The Effects of Loaded Plyometric Exercise during Warm-Up on Subsequent Sprint Performance in Collegiate Track Athletes: A Randomized Trial.

Prior evidence demonstrates the efficacy by which plyometric activities during warm-up conditions augment the subsequent performance in power-centric exercise. We investigated the acute effects of loaded jump squats incorporated into a standard sprinters' warm-up protocol on subsequent sprint performance in collegiate track athletes. Sprint times of 22 male and female collegiate track athletes were measured in 10-m intervals during a 30-m sprint trial following a standard sprinters' warm-up routine with or without plyometric exercise. Subjects were tested on two separate occasions, once with loaded jump squats as the experimental treatment (two sets of eight jumps, load = 13% bodyweight) (PLYO) and once with time-equated rest as the control treatment (CON). Treatments were implemented following a standard sprinters' warm-up routine familiar to the subjects.
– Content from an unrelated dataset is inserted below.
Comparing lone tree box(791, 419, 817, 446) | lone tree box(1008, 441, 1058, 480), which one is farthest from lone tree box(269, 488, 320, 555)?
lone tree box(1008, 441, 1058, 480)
A dependent T-test was used for comparison of sprint interval times between conditions with a significant effect indicated by a p-value < 0.05. Sprint time did not differ between CON vs. PLYO at the 10 m (PLYO = 1.90 ± 0.12 s vs. CON = 1.90 ± 0.11 s, p = 0.66), 20 m (PLYO = 3.16 ± 0.21 s vs. CON = 3.15 ± 0.19 s, p = 0.53), and 30 m (PLYO = 4.32 ± 0.32 s vs. CON = 4.31 ± 0.28 s, p = 0.61) intervals. There was no interaction between treatment and sex, sex-specific ranking (above vs. below sex-specific mean), or sprint event (short vs. short-long vs. long) for 10 m, 20 m, or 30-m interval sprint times. At least within the limits of the current investigation, no evidence was provided to suggest that jump squats loaded at 13% bodyweight are an effective means to acutely potentiate sprint performance in collegiate track athletes. However, a further examination of responders indicates that the present loaded jump squat protocol may preferentially potentiate sprint performance in faster male athletes.